Friday, September 24, 2004

Economists Who Live In Glass Houses...

In the land of the self-unaware, there is attempted regicide:

The subtext of Mr. Bush's bombast is that because he can't bring himself to admit a mistake, he refuses to give up on his effort....

Which is a tactic on which the Princeton economist is something of an expert (selecting almost at random from his website):

A few people have asked me about that letter from Bush's former business associates, regarding the nature of his deal with the Texas Rangers syndicate. They assert something I didn't know: that he was granted a 12 percent share of the profits despite having put up only 2 percent of the money back in 1989, when the deal was initialized, rather than in 1998, when the franchise was sold. Assuming this is true - it would be nice to see the contract - does this make everything clean and above-board?

Actually, if anything it makes things worse. In fact, I suspect that the peculiarity of that contract, if it exists, is why we're only hearing about it now: had it been public knowledge at the time it would have raised a lot of questions.

Perish the thought! Someone can't bear to admit he redoubles his effort by packing four more errors into one sentence:

1. Bush's contract was not only not "peculiar", it was SOP. He was the Managing General Partner of a limited partnership, that Bush had put together to buy the Texas Rangers. Unlike the limited partners, George W. Bush didn't have limited liability; that's why his share of the profits was larger than his investment. He was the one taking on risk beyond his investment.

2. The contract most certainly existed. He wouldn't have been allowed to purchase the team by the Commissioner of Baseball without it.

3. We weren't "just hearing about it now" (August 2002), for instance, in 1999:

Bush and [Edward, Rusty] Rose, it was agreed, would have joint power in running the franchise, with Rose behind the scenes and Bush serving as the ownership's public face. Bush's total investment eventually would reach $606,302. For putting the deal together and running the club, Bush would receive an additional 10 percent return when the team was sold.

4. It was public knowledge, and Bush won an election in Arlington, Texas to have a taxpayer funded baseball stadium built.

Now, let's get back to Professor Krugman's mistakes in today's column ("Let's Get Real", indeed):

Where is Mr. Bush taking us? As the reality of Iraq gets worse, his explanations of our goals get ever vaguer. ....
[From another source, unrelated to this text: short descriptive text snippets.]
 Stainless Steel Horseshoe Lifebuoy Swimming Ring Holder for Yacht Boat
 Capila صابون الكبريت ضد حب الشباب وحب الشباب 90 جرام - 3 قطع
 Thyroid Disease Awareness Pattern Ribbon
.... American policy shouldn't be dictated by Mr. Bush's infallibility complex; our first priority must be our own security. And in Iraq, that means setting realistic goals.

On "Meet The Press" back in April, Mr. Kerry wasn't as forthright about Iraq as he has now, at long last, become, but he did return several times to a point that shows that he is on the right track. "What is critical," he said, "is a stable Iraq." Not an Iraq in our image, but a country that isn't a "failed state" that poses a threat to American security.

Hmmm. Sounds suspiciously, unspecific, to me. Not to mention; "exactly what we're currently doing."